# Thread: Volume of solid generated by curves. ( I tried my best!)

1. ## Volume of solid generated by curves. ( I tried my best!)

Q. The region enclosed by the given curves is rotated about the specified line. Find the volume of the resulting solid.
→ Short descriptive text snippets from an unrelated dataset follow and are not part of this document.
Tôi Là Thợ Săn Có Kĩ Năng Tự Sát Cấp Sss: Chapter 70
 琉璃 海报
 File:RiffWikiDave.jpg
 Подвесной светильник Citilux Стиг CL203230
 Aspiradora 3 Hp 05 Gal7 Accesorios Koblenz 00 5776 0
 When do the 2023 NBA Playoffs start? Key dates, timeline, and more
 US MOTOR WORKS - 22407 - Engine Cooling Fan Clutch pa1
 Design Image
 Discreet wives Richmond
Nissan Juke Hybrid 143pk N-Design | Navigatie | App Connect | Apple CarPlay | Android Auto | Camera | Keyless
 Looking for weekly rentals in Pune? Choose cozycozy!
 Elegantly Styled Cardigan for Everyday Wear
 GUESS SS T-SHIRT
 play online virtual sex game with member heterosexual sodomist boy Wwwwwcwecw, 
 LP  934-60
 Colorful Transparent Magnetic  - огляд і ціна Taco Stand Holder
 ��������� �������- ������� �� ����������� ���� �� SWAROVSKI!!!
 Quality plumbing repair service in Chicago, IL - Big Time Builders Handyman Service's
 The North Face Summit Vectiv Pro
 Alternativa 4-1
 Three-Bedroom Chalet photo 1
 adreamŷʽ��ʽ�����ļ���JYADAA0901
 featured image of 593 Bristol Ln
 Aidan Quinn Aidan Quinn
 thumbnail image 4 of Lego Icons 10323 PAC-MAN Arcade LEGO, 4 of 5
y=x^3 and y=sqrt.of(x); about x = 1.

What I did: Rotating about a vertical line along the y-axis.
x^3=sqrt.of(x); x= 0 and 1
x=y^(1/3) and x=y^2.
=pi(1+y^(1/3))^2-pi(1+y^2)^2
V= pi*Integral from 0 to 1 of [(1+(y^1/3))^2-(1+y^2)^2]dy
V= pi*Integral from 0 to 1 of [(1+y^(2/3)+2y^(1/3)-(1+y^4+2y^2)]dy
V= pi[(3y^(2/3))/2 + (6y^(4/3))/4 - (y^4)/4 - (2y^3)/3] from 0 to 1

But after plugging in for 0 and 1, I got 25pi/12. But the ans. is 17pi/30...8(

2. but that's not the answer though. Plus are you able to do it my way?

3. I wonder why you put 1+y^{1/3}... But since I never worked with solid or rotation other than about the main axes, I would have gone with this:

From what I see, you need to move both curves to the left by one unit.

Hence, the equation of the new cubic becomes: $y = (x+1)^3$

And that of the square root becomes: $y = \sqrt{x+1}$

The volume then becomes:

$\displaystyle \pi \int^1_0 (1-y^2)^2 - (1-y^{\frac13})^2\ dy$

Which gives:

$\displaystyle \pi \int^1_0 y^4-2y^2 - y^{\frac23}+2y^{\frac13}\ dy$

$\displaystyle \pi \left[\dfrac15y^5 - \dfrac23y^3 - \dfrac35y^{\frac53}+\dfrac32y^{\frac43}\right]^1_0$

$\displaystyle \pi \left[\left(\dfrac15 - \dfrac23 - \dfrac35+\dfrac32 \right) -(0) \right]^1_0$

Are you sure the answer is 17pi/30? I'm getting 13pi/30...

Or I missed something...

4. method of cylindrical shells w/r to x ...

$\displaystyle V = 2\pi \int_0^1 (1-x)(\sqrt{x} - x^3) \, dx = \frac{13\pi}{30}$

method of washers w/r to y ...

$\displaystyle V = \pi \int_0^1 (1 - y^2)^2 - (1 - \sqrt[3]{y})^2 = \frac{13\pi}{30}$

5. you guys are right. It's 13pi/30. Thanks a lot. Some dumb mistakes huh?